Come spesso accade nel dibattito scientifico, l’evoluzione della comprensione dell’AMOC non si basa su singoli studi rivoluzionari, ma su piccoli avanzamenti incrementali. L’ultimo contributo significativo arriva da una nuova ricostruzione a opera di Jens Terhaar e colleghi, che analizza l’evoluzione del sistema negli ultimi 60 anni. La ricostruzione si basa sui flussi di calore superficiale utilizzando dati di rianalisi, offrendo una visione alternativa rispetto agli approcci precedenti, come quello basato sull’anomalia della temperatura superficiale del mare nel cosiddetto “blob freddo“.
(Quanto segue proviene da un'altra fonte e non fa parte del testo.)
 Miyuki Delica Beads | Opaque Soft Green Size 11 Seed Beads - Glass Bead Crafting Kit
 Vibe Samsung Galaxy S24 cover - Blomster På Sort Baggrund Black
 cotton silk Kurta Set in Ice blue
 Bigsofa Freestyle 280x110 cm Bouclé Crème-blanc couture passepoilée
Storicamente, le misurazioni dirette dell’AMOC sono disponibili solo dal 2004 grazie al progetto RAPID, rendendo necessaria l’adozione di metodi indiretti per ricostruire il comportamento passato. I precedenti modelli basati su dati storici del CMIP5, utilizzati in studi come Caesar et al. (2018), hanno mostrato risultati promettenti nella correlazione tra il “blob freddo” e la forza dell’AMOC. Tuttavia, i nuovi modelli CMIP6 presentano maggiori incertezze, con prestazioni inferiori nella riproduzione di alcune caratteristiche chiave dell’Atlantico settentrionale, come il raffreddamento del “blob freddo”. Questo problema è aggravato dal fatto che la maggior parte dei modelli CMIP6 sottovaluta il raffreddamento osservato o, in alcuni casi, simula persino un rafforzamento dell’AMOC in epoca storica, in contrasto con le evidenze.
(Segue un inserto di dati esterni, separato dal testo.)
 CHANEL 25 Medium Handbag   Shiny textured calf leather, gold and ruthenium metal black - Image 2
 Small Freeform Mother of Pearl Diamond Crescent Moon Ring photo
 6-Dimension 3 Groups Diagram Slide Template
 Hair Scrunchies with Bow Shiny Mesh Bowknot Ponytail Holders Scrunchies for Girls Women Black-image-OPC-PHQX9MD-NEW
Il metodo di Terhaar, che utilizza la perdita di calore superficiale come indicatore, presenta vantaggi teorici, ma si scontra con importanti limitazioni pratiche. Mentre i modelli climatici possono calcolare con precisione la perdita di calore, questi dati non sono direttamente osservabili nell’oceano reale e dipendono da simulazioni che includono molteplici variabili incerte, come la velocità del vento, l’umidità e la copertura nuvolosa. Inoltre, i diversi dataset di rianalisi producono risultati notevolmente divergenti, complicando ulteriormente l’affidabilità del metodo.
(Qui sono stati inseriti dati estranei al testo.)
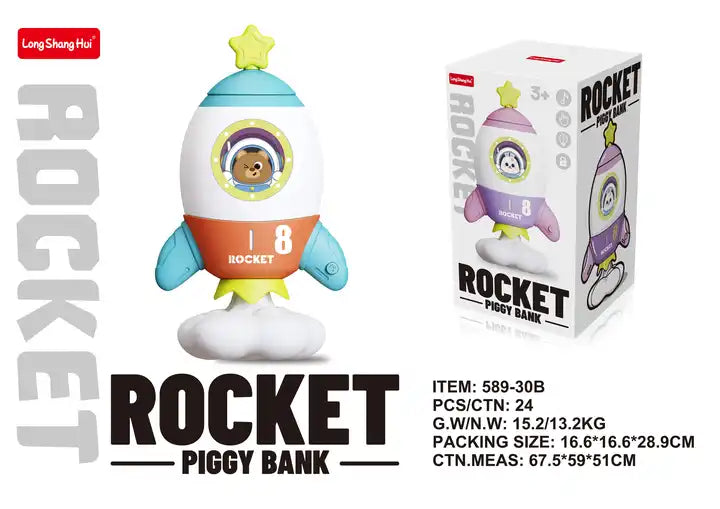 Custom Rocket Shape Coin Bank | Space Series Kids Plastic Piggy Bank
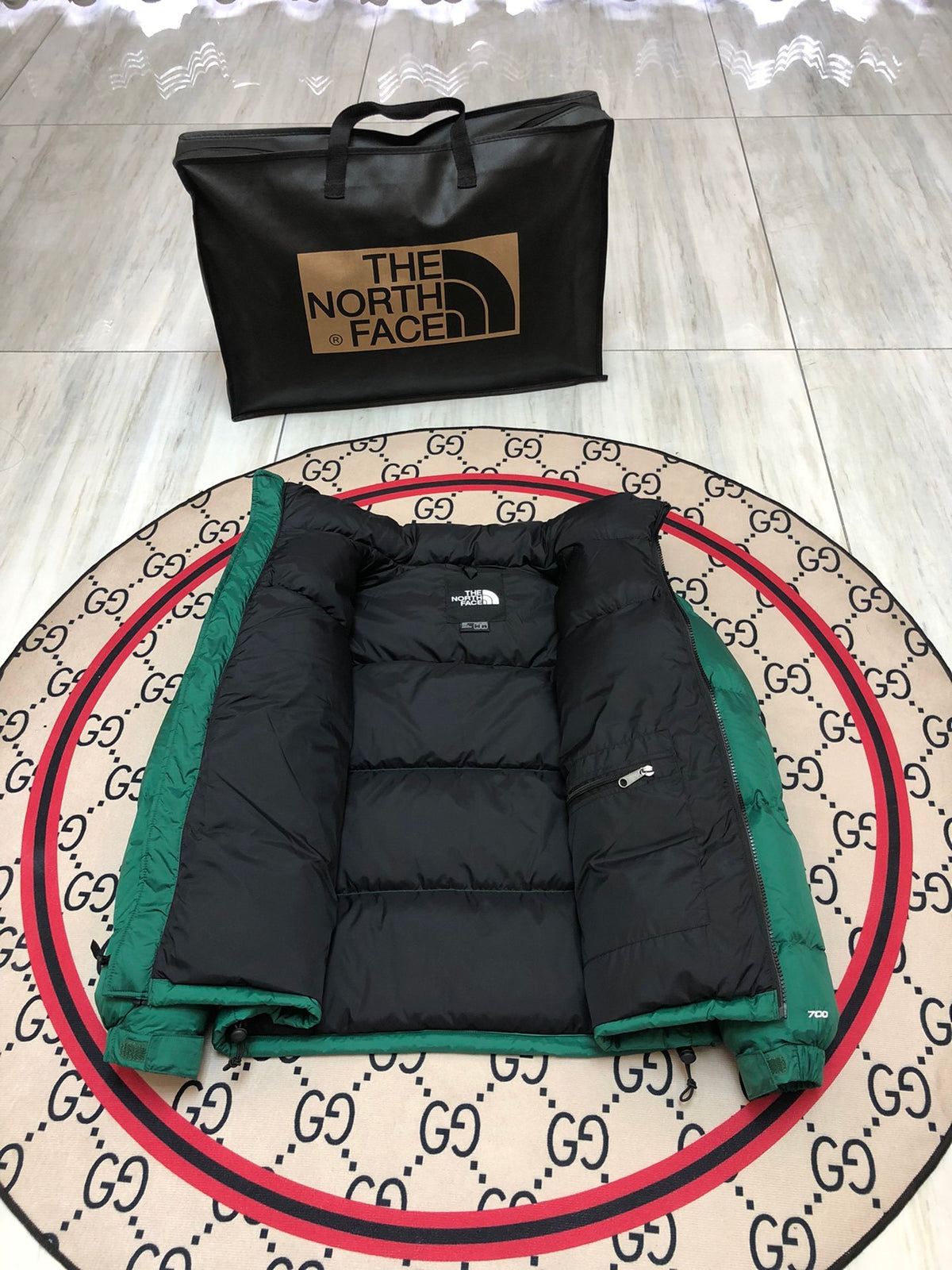 The North Face Green Nuptse 700-Fill Down Jacket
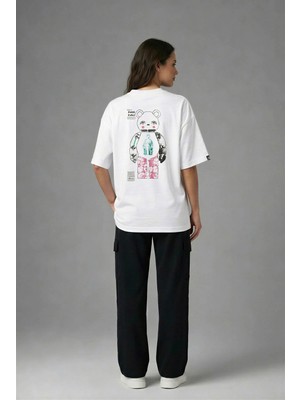 Posh Cabal A03041 Baskılı Oversize Beyaz Kadın T-Shirt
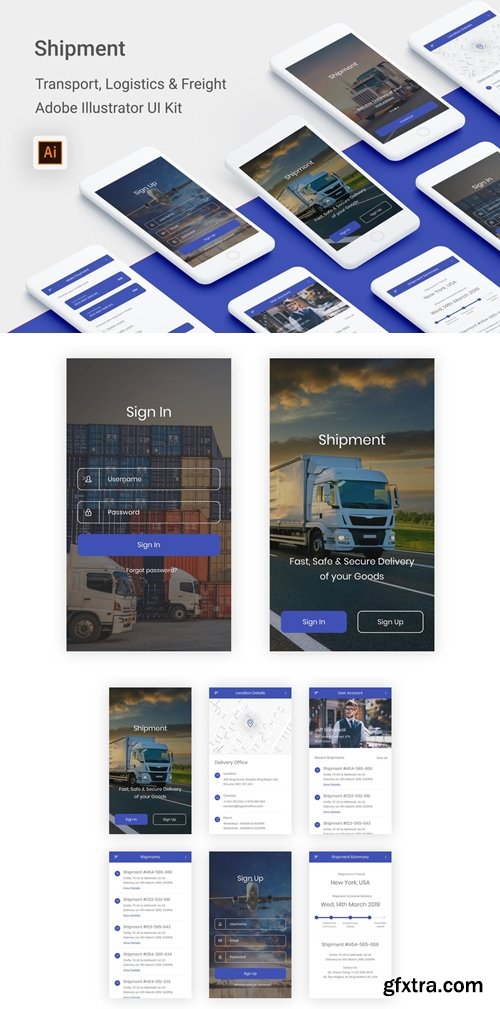 Shipment -Transport, Logistic Illustrator App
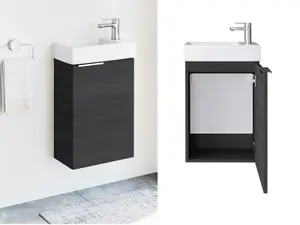 Bathroom Vanity Unit 400 Basin Cloakroom Sink Wall Cabinet Black Grey Ash Avir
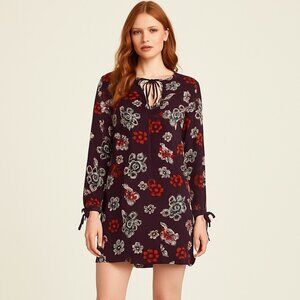 Charles Henry Boho Floral Tie-Neck  Dress Burgundy Fall Cottagecore Sz M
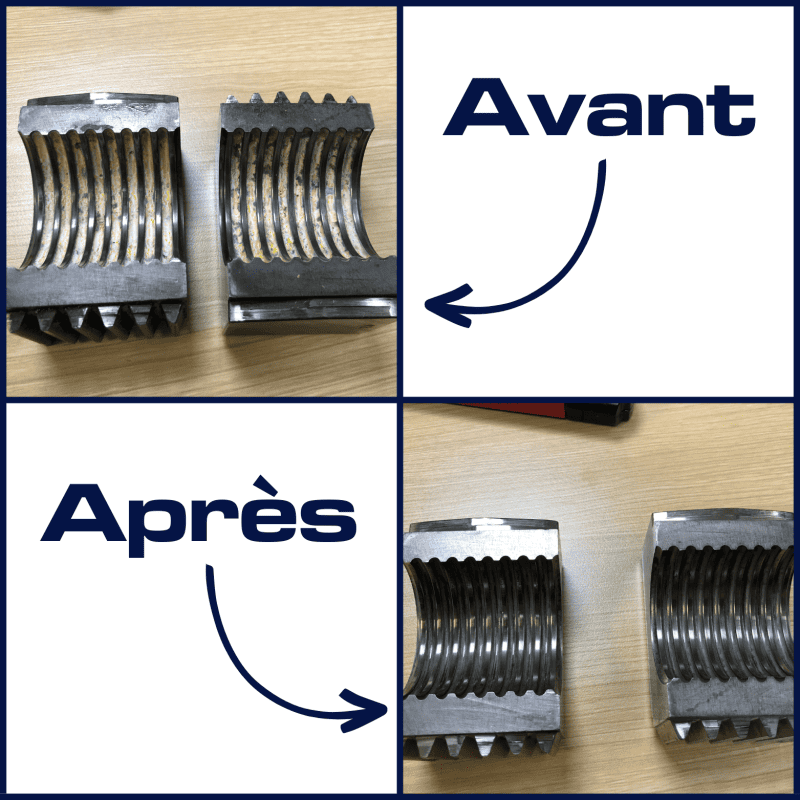 Avant/après nettoyage pièces dans la cuve 310L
Un altro punto critico è l’intervallo temporale considerato da Terhaar, che non evidenzia il declino significativo osservato in altre ricostruzioni dell’AMOC, come quelle basate sulle misurazioni RAPID o sui modelli di temperatura superficiale. Questo suggerisce che, nonostante i progressi, il nuovo metodo non sostituisce i precedenti approcci, ma rappresenta un ulteriore tassello in un quadro ancora complesso.
Indipendentemente dal metodo utilizzato, la comunità scientifica concorda su un punto fondamentale: l’AMOC si indebolirà in risposta al riscaldamento globale. Questo rappresenta un rischio climatico significativo, con potenziali impatti sull’intero sistema climatico globale, dall’innalzamento del livello del mare all’aumento di eventi meteorologici estremi. Sebbene l’entità e i tempi di questo indebolimento siano ancora oggetto di studio, il consenso scientifico sottolinea l’urgenza di affrontare le cause sottostanti del cambiamento climatico per mitigare i rischi futuri.